▶ **DATA EXCERPTS**
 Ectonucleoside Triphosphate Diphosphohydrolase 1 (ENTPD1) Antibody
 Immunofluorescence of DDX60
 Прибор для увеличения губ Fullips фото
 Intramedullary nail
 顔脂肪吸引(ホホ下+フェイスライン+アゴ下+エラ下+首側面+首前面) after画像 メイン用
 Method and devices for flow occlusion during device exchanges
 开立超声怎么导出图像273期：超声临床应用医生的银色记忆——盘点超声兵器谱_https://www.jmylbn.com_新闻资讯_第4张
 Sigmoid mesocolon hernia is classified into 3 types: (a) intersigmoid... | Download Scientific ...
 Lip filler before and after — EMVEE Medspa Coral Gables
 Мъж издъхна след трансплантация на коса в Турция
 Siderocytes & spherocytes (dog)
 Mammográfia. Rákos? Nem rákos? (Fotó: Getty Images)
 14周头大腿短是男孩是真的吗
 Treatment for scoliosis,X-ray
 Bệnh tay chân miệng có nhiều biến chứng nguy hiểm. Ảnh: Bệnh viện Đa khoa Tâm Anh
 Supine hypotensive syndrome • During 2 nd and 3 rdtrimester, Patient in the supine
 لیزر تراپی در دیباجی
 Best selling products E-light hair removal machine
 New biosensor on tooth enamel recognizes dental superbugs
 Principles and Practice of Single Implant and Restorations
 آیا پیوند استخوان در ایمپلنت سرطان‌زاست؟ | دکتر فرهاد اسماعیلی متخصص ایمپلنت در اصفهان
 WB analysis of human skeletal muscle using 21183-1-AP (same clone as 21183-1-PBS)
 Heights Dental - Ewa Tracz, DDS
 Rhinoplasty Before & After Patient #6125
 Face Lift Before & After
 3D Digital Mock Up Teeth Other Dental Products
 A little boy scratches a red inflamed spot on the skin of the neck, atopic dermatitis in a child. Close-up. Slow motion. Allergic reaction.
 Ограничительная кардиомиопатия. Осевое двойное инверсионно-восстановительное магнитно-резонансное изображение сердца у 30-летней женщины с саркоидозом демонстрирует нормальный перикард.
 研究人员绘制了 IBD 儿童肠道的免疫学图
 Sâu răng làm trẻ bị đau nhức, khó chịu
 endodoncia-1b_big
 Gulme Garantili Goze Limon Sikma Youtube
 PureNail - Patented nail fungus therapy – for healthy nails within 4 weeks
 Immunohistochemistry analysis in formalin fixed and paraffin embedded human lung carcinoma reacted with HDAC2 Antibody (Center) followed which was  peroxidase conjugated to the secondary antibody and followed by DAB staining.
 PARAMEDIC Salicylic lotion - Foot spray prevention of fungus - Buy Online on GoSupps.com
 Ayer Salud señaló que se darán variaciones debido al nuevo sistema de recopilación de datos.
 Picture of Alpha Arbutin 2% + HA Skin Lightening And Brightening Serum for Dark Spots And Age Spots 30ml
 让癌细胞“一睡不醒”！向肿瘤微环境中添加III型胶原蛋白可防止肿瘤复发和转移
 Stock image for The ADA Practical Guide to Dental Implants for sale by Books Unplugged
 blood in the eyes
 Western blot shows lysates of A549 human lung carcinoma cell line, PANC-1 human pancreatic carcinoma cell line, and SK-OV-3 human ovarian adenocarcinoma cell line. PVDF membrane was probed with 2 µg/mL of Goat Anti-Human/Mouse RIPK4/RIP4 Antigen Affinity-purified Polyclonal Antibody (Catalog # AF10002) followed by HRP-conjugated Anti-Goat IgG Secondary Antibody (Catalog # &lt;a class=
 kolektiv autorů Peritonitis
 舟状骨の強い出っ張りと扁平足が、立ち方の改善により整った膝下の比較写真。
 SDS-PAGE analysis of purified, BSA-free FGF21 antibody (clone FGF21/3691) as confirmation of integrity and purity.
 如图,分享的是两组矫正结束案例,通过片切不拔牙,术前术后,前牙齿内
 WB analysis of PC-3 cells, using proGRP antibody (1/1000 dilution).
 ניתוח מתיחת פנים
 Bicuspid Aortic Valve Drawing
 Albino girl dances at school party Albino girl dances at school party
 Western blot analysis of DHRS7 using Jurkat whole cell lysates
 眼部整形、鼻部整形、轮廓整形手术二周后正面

▶ **WORK INSTRUCTIONS**
Output every line of the listing exactly as written.

▶ **THE ANSWER**
 Ectonucleoside Triphosphate Diphosphohydrolase 1 (ENTPD1) Antibody
 Immunofluorescence of DDX60
 Прибор для увеличения губ Fullips фото
 Intramedullary nail
 顔脂肪吸引(ホホ下+フェイスライン+アゴ下+エラ下+首側面+首前面) after画像 メイン用
 Method and devices for flow occlusion during device exchanges
 开立超声怎么导出图像273期：超声临床应用医生的银色记忆——盘点超声兵器谱_https://www.jmylbn.com_新闻资讯_第4张
 Sigmoid mesocolon hernia is classified into 3 types: (a) intersigmoid... | Download Scientific ...
 Lip filler before and after — EMVEE Medspa Coral Gables
 Мъж издъхна след трансплантация на коса в Турция
 Siderocytes & spherocytes (dog)
 Mammográfia. Rákos? Nem rákos? (Fotó: Getty Images)
 14周头大腿短是男孩是真的吗
 Treatment for scoliosis,X-ray
 Bệnh tay chân miệng có nhiều biến chứng nguy hiểm. Ảnh: Bệnh viện Đa khoa Tâm Anh
 Supine hypotensive syndrome • During 2 nd and 3 rdtrimester, Patient in the supine
 لیزر تراپی در دیباجی
 Best selling products E-light hair removal machine
 New biosensor on tooth enamel recognizes dental superbugs
 Principles and Practice of Single Implant and Restorations
 آیا پیوند استخوان در ایمپلنت سرطان‌زاست؟ | دکتر فرهاد اسماعیلی متخصص ایمپلنت در اصفهان
 WB analysis of human skeletal muscle using 21183-1-AP (same clone as 21183-1-PBS)
 Heights Dental - Ewa Tracz, DDS
 Rhinoplasty Before & After Patient #6125
 Face Lift Before & After
 3D Digital Mock Up Teeth Other Dental Products
 A little boy scratches a red inflamed spot on the skin of the neck, atopic dermatitis in a child. Close-up. Slow motion. Allergic reaction.
 Ограничительная кардиомиопатия. Осевое двойное инверсионно-восстановительное магнитно-резонансное изображение сердца у 30-летней женщины с саркоидозом демонстрирует нормальный перикард.
 研究人员绘制了 IBD 儿童肠道的免疫学图
 Sâu răng làm trẻ bị đau nhức, khó chịu
 endodoncia-1b_big
 Gulme Garantili Goze Limon Sikma Youtube
 PureNail - Patented nail fungus therapy – for healthy nails within 4 weeks
 Immunohistochemistry analysis in formalin fixed and paraffin embedded human lung carcinoma reacted with HDAC2 Antibody (Center) followed which was  peroxidase conjugated to the secondary antibody and followed by DAB staining.
 PARAMEDIC Salicylic lotion - Foot spray prevention of fungus - Buy Online on GoSupps.com
 Ayer Salud señaló que se darán variaciones debido al nuevo sistema de recopilación de datos.
 Picture of Alpha Arbutin 2% + HA Skin Lightening And Brightening Serum for Dark Spots And Age Spots 30ml
 让癌细胞“一睡不醒”！向肿瘤微环境中添加III型胶原蛋白可防止肿瘤复发和转移
 Stock image for The ADA Practical Guide to Dental Implants for sale by Books Unplugged
 blood in the eyes
 Western blot shows lysates of A549 human lung carcinoma cell line, PANC-1 human pancreatic carcinoma cell line, and SK-OV-3 human ovarian adenocarcinoma cell line. PVDF membrane was probed with 2 µg/mL of Goat Anti-Human/Mouse RIPK4/RIP4 Antigen Affinity-purified Polyclonal Antibody (Catalog # AF10002) followed by HRP-conjugated Anti-Goat IgG Secondary Antibody (Catalog # &lt;a class=
 kolektiv autorů Peritonitis
 舟状骨の強い出っ張りと扁平足が、立ち方の改善により整った膝下の比較写真。
 SDS-PAGE analysis of purified, BSA-free FGF21 antibody (clone FGF21/3691) as confirmation of integrity and purity.
 如图,分享的是两组矫正结束案例,通过片切不拔牙,术前术后,前牙齿内
 WB analysis of PC-3 cells, using proGRP antibody (1/1000 dilution).
 ניתוח מתיחת פנים
 Bicuspid Aortic Valve Drawing
 Albino girl dances at school party Albino girl dances at school party
 Western blot analysis of DHRS7 using Jurkat whole cell lysates
 眼部整形、鼻部整形、轮廓整形手术二周后正面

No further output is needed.